Inspired by Abruzzo in central Italy, the menu skips ragu, risotto and the “New Yawk red sauce” approach that is currently in vogue, in favour of “things like hefty asparagus stalks lazing beside a pool of thick wild garlic sauce with beautifully fresh peas, or narrow skewers of salt marsh lamb”, or potato rosti with blue cheese and marjoram that are “almost comically tasty”.
But the ciabatta was only “so-so”; capelletti were “unfathomably undercooked”; morels stuffed with wild boar were dry; and the food was generally over-salted. Adding insult to injury, the bill “both flabbergasted and horrified” at almost £300 for two.

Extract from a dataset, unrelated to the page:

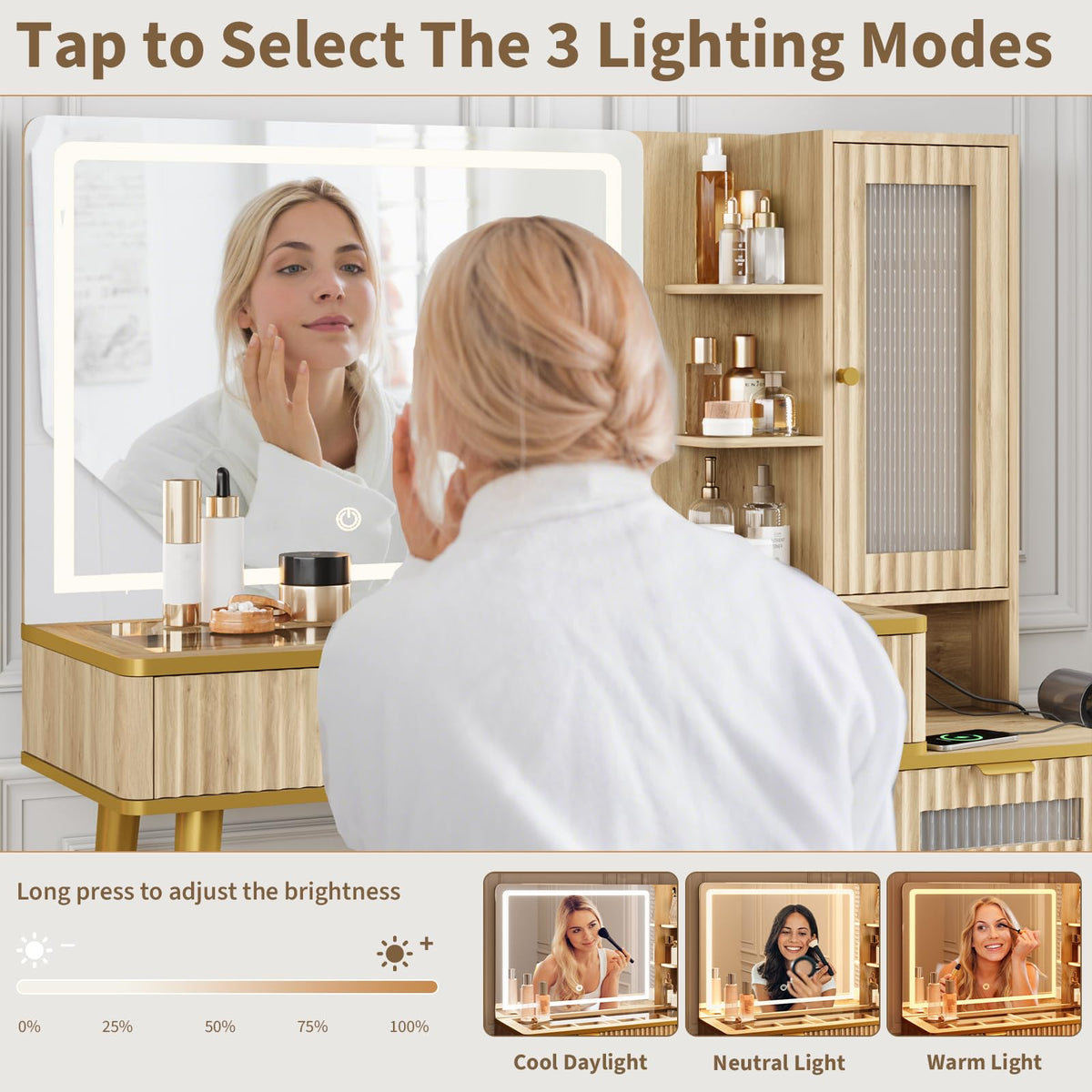 48" Fluted Makeup Vanity Desk with Mirror and Lights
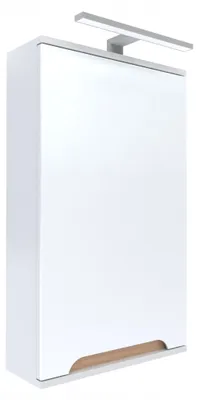 Zdjęcie produktu dla Szafka z lustrem 45x16x75 biała/dąb LED chrom Omeble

David Ellis - 2026-05-03The Guardian
Grace Dent detected “signs of greatness” at this “hyper-cool” new spot in east London serving dishes inspired by Abruzzo in central Italy, although her meal was rather uneven – “more a collection of loose ideas than a coherent dinner”, she reckoned. “This is, after all, a hip small plates restaurant, so there are no rules. Uniforms on staff? No. £5 Campari cocktails? Absolutely. Pristine linen but eating meat off sticks? Damned right.”
Menu highlights included top-quality cured sea bream, a “very authentic” bowl of cappelletti in a clear, slightly too salty broth, and “the star of the show”, a chicken saltimbocca wrapped in prosciutto and sage, fried and finished with a rich, chickeny jus.
But the signature skewers – arrosticini, or tiny kebabs of salt-marsh lamb and rose veal liver cut into 1cm cubes and grilled over live fire – arrived too late and a little too pink to impress: “meat on sticks with dippy sauce. My earth remained unshook.”